Stored data section start

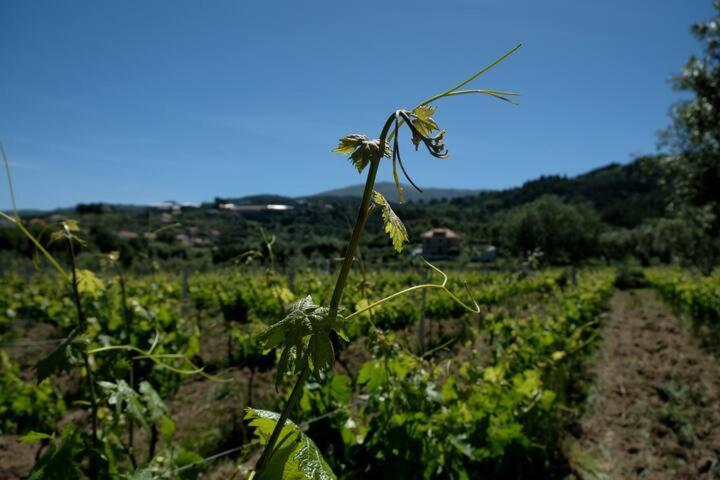 Quinta De Vodra Villa Seia Exterior foto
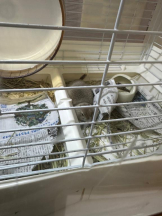 PURITY - ほたるの女の子ブログ画像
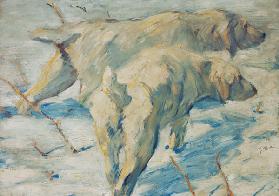 Siberische honden in de sneeuw Franz Marc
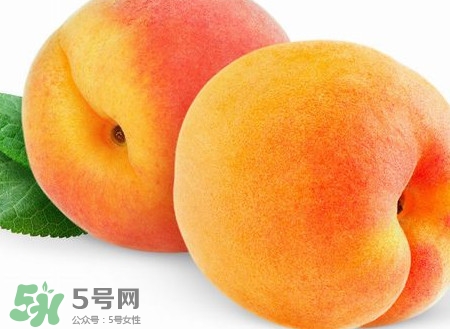 芭蕉和桃子能一起吃嗎？芭蕉可以和桃子一起吃嗎
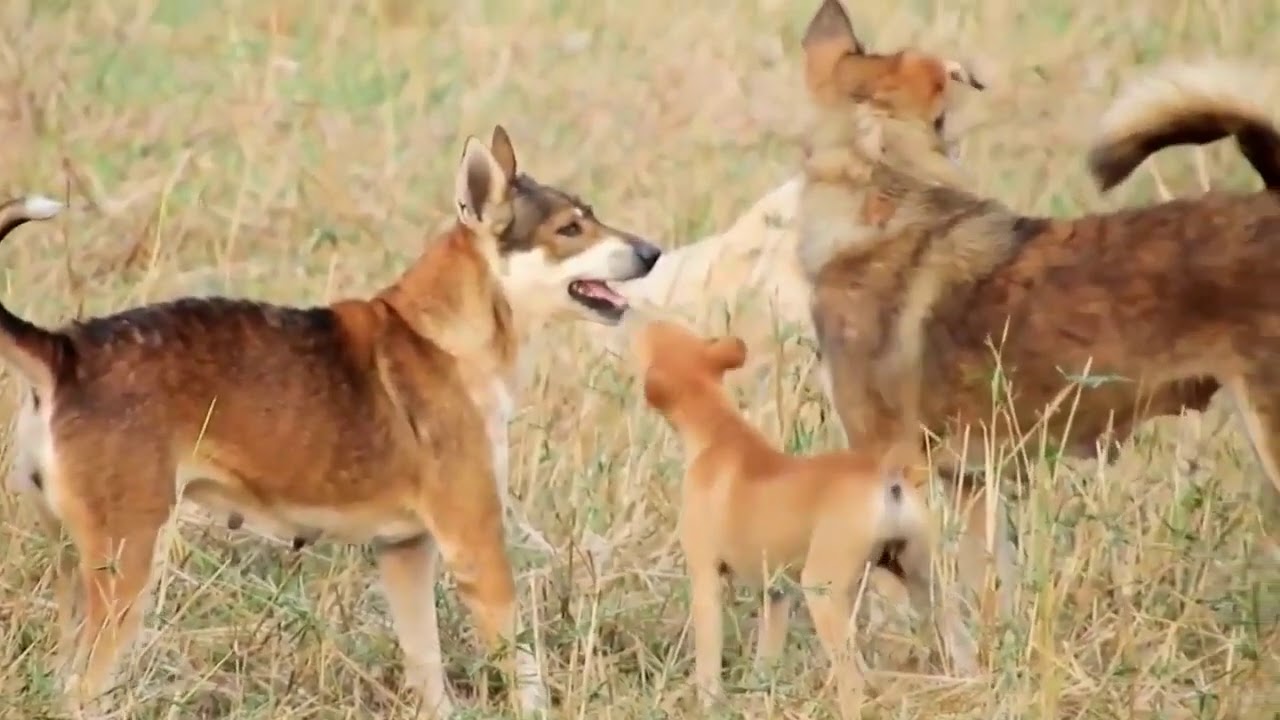 Minguel - Awesome Rural Dogs !! Dog Meeting for the Summer Season in Village.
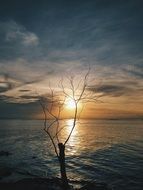 bare tree in the water against the sun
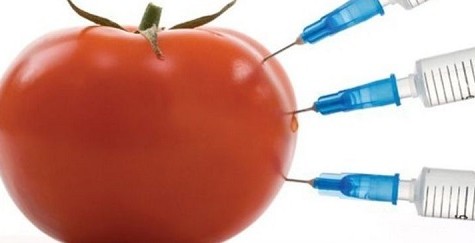 Эксперты установили, что ГМО-продукты приводят к развитию аутизма у детей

Stored data section end

(What is expected)
Output every entry above verbatim, but leave out the pictures.

(Expected answer)
 Quinta De Vodra Villa Seia Exterior foto
 PURITY - ほたるの女の子ブログ画像
 Siberische honden in de sneeuw Franz Marc
 芭蕉和桃子能一起吃嗎？芭蕉可以和桃子一起吃嗎
 Minguel - Awesome Rural Dogs !! Dog Meeting for the Summer Season in Village.
 bare tree in the water against the sun
 Эксперты установили, что ГМО-продукты приводят к развитию аутизма у детей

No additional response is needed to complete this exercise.